A special issue of Materials (ISSN 1996-1944). This special issue belongs to the section "Metals and Alloys".

Deadline for manuscript submissions: 10 July 2024 | Viewed by 3209

Special Issue Editors

Centre for Mechanical Engineering, Materials and Processes (CEMMPRE), Department of Mechanical Engineering, University of Coimbra, 3030-788 Coimbra, Portugal
Interests: fatigue crack growth; crack tip parameters; crack tip mechanisms; numerical simulation
Special Issues, Collections and Topics in MDPI journals
Department of Mechanical and Mining Engineering, Campus Las Lagunillas, University of Jaen, 23071 Jaén, Spain
Interests: fatigue crack growth; experimental stress analysis; crack tip mechanisms

Special Issue Information

Dear Colleagues,

Design against fatigue is fundamental in components submitted to cyclic loads. The damage tolerance approach assumes the presence of small cracks and the propagation life is used to define inspection intervals. The ability to accurately predict fatigue crack growth rates is therefore fundamental. Despite the significant research developed in the last several decades, further work is needed to understand the fundamental mechanisms and to accurately model fatigue crack growth. The coexistence of ductile and brittle mechanisms, and crack tip shielding are not totally understood. The appearance of new metallic alloys, the development of new technologies such as additive manufacturing introduces challenging complexities. On the other hand, the development of numerical and experimental tools (e.g., digital image correlation or thermoelastic stress analysis) gives opportunity for a better understanding of the phenomenon.

We invite researchers to submit papers focused on the study of fatigue crack growth in metallic materials. The study of fundamental mechanisms (cyclic plastic deformation, coalescence of microvoids, environmental damage, other brittle mechanisms, etc.) and crack driving parameters, the development of new models and equipment, and the application to real components and structures are welcome. Both original and review papers are welcome.

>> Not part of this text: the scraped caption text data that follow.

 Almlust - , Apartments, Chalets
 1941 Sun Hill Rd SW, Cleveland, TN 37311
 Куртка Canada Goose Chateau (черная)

Prof. Fernando Ventura Antunes
Prof. Dr. Francisco A. Díaz
Guest Editors

Manuscript Submission Information

Manuscripts should be submitted online at www.mdpi.com by registering and logging in to this website. Once you are registered, click here to go to the submission form. Manuscripts can be submitted until the deadline. All submissions that pass pre-check are peer-reviewed. Accepted papers will be published continuously in the journal (as soon as accepted) and will be listed together on the special issue website. Research articles, review articles as well as short communications are invited. For planned papers, a title and short abstract (about 100 words) can be sent to the Editorial Office for announcement on this website.

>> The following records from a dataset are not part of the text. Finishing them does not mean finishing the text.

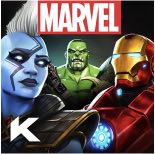 Marvel Realm of Champions gift logo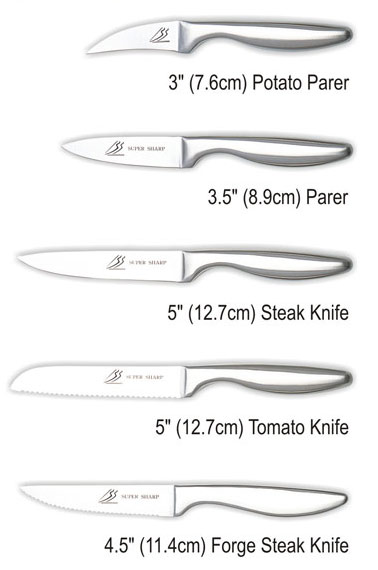 Knife Stainless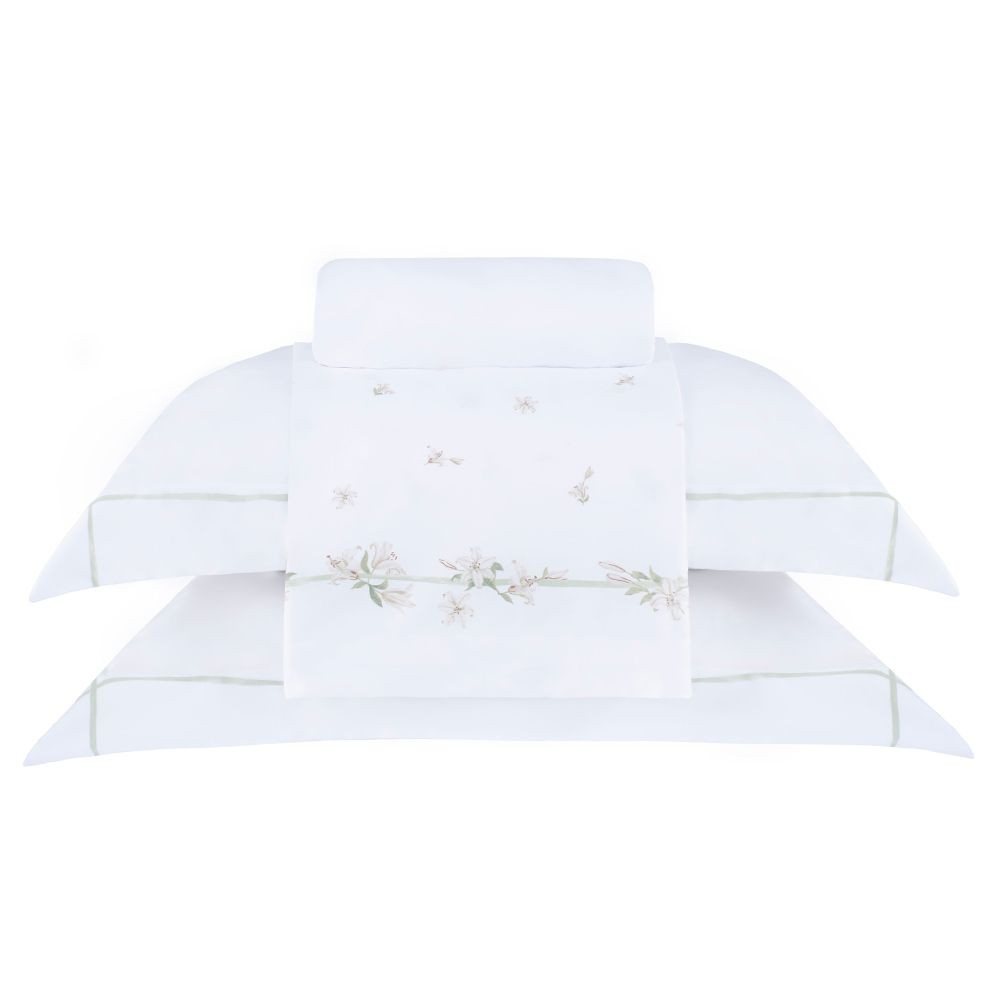 Jogo de Cama Casal Buddemeyer Vision Gaya Estampado 4 peças em Oferta na Shopee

Submitted manuscripts should not have been published previously, nor be under consideration for publication elsewhere (except conference proceedings papers). All manuscripts are thoroughly refereed through a single-blind peer-review process. A guide for authors and other relevant information for submission of manuscripts is available on the Instructions for Authors page. Materials is an international peer-reviewed open access semimonthly journal published by MDPI.

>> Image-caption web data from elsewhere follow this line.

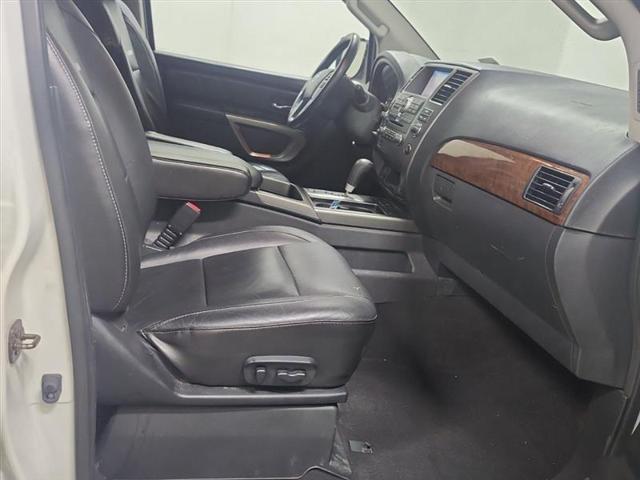used 2015 Nissan Armada car, priced at $11,995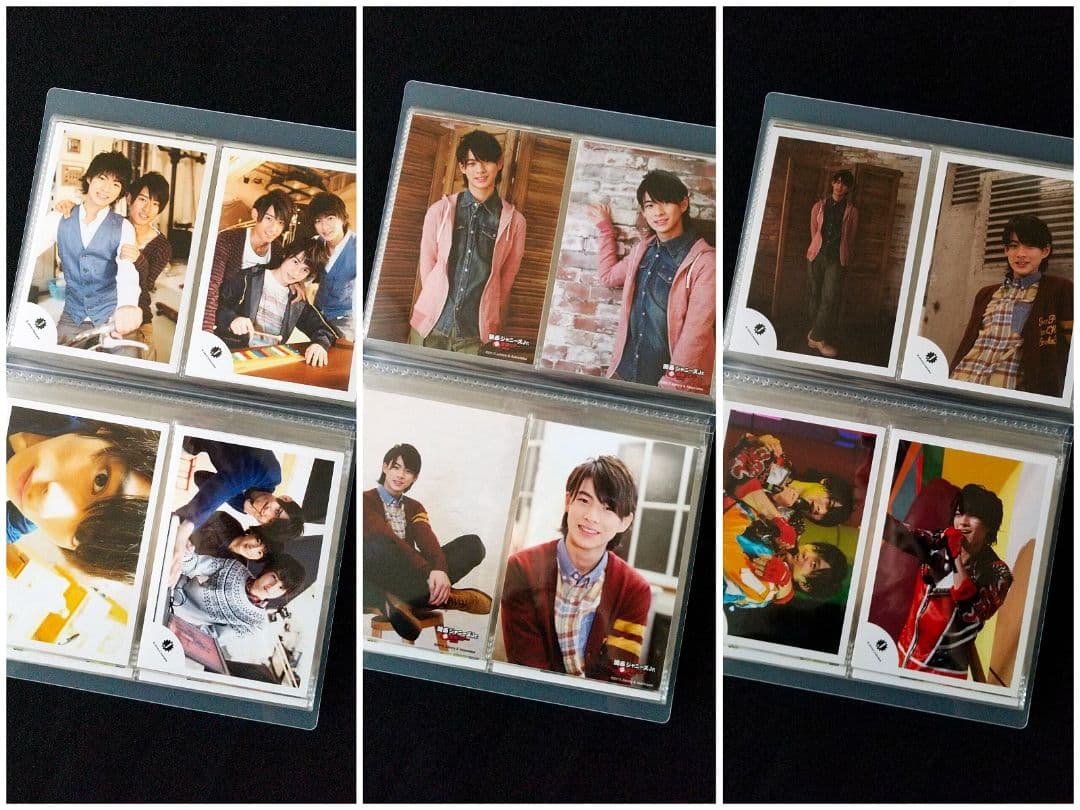 平野紫耀 Jr.時代 ジュニア 公式写真 大量 まとめ売り セミ コンプリート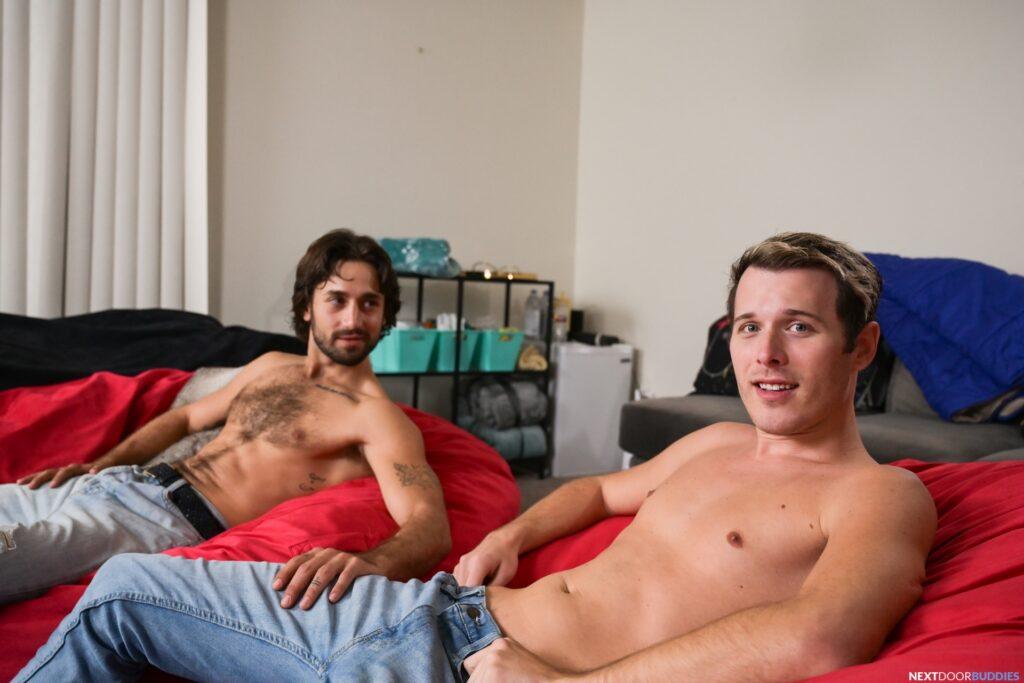 Member Fantasies: Break Me In featuring Noah Asli & Colton Nash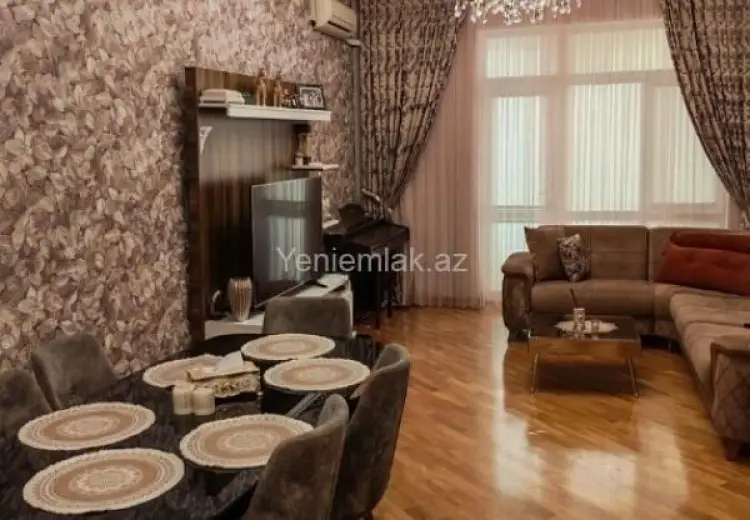 340 000 AZN - 3 otaqlı mənzil Satılır, Nərimanov, Bakı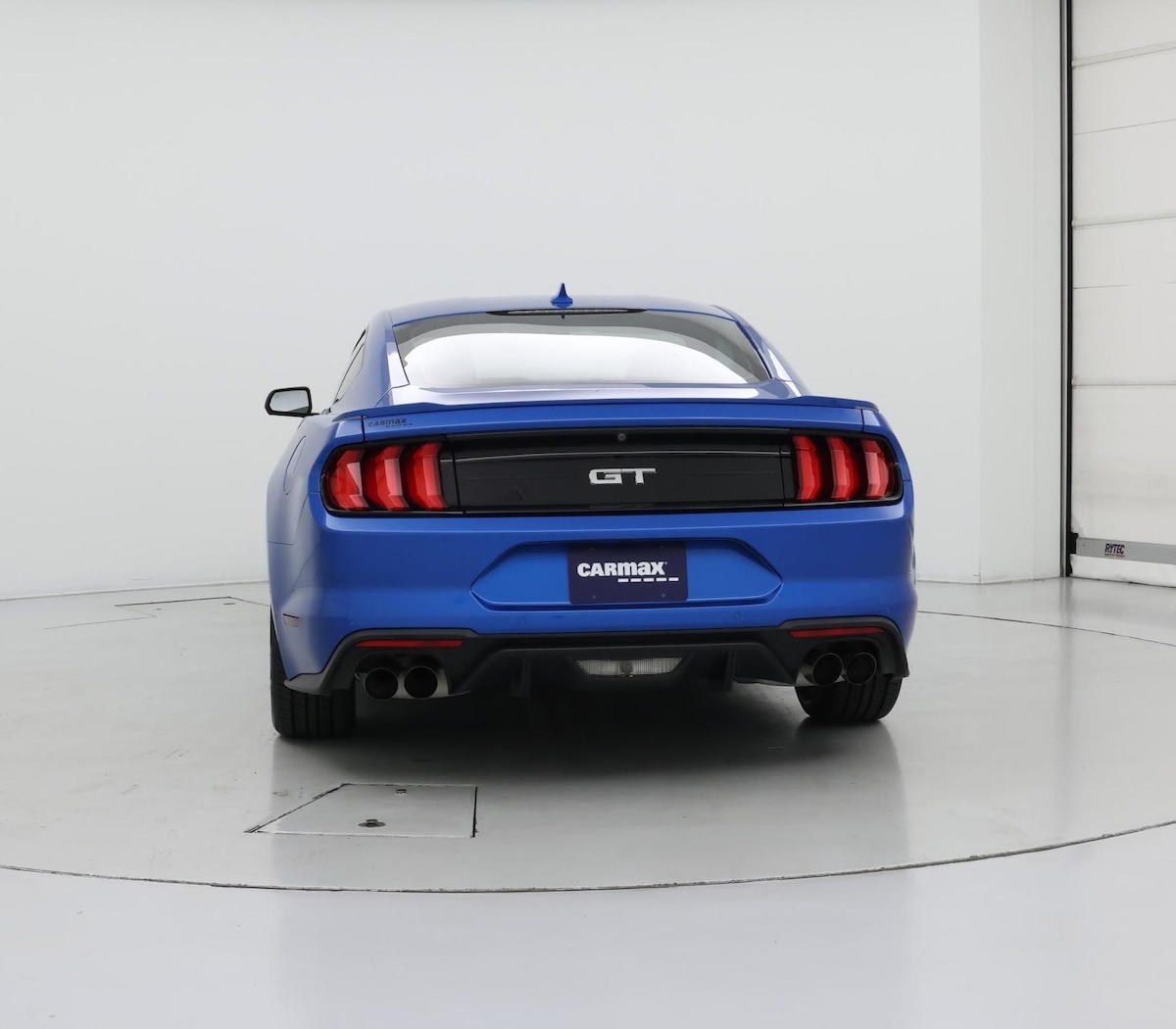 Rear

Please visit the Instructions for Authors page before submitting a manuscript. The Article Processing Charge (APC) for publication in this open access journal is 2600 CHF (Swiss Francs). Submitted papers should be well formatted and use good English. Authors may use MDPI's English editing service prior to publication or during author revisions.

Keywords

  • fatigue crack growth
  • fatigue mechanisms
  • crack tip parameters
  • digital image correlation
  • metallic materials
  • aluminum alloys
  • additive manufacturing

Related Special Issue

Published Papers (4 papers)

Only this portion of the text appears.